== Segment start ==

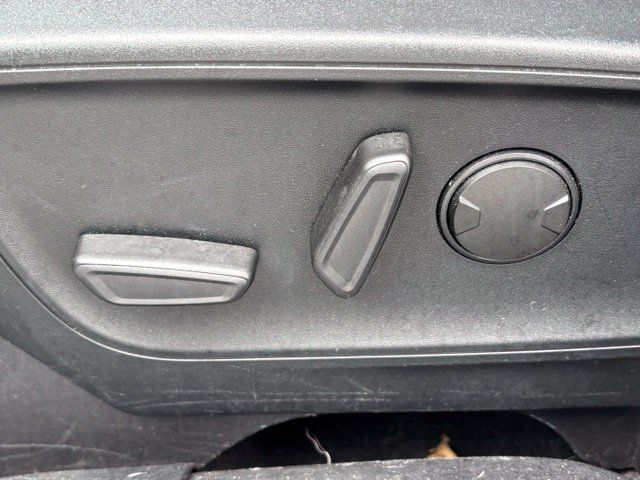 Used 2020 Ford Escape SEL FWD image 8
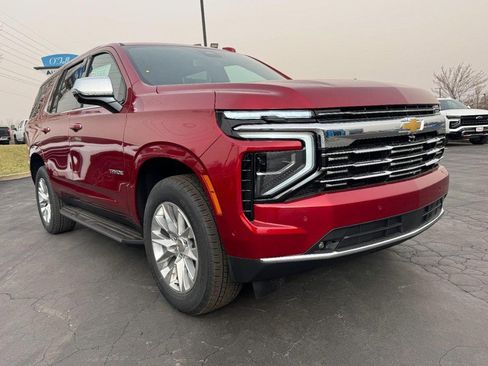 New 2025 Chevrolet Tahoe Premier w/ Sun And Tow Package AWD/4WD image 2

== Segment end ==
== Segment start ==

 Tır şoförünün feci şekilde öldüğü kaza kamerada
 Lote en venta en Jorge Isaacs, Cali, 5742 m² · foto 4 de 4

== Segment end ==

[Directions]
Take the lines above starting at the one containing "Used 2020 Ford Escape SEL FWD image 8" and ending at the one containing "New 2025 Chevrolet", and print them again exactly, without pictures.

[Answer for the task]
 Used 2020 Ford Escape SEL FWD image 8
 New 2025 Chevrolet Tahoe Premier w/ Sun And Tow Package AWD/4WD image 2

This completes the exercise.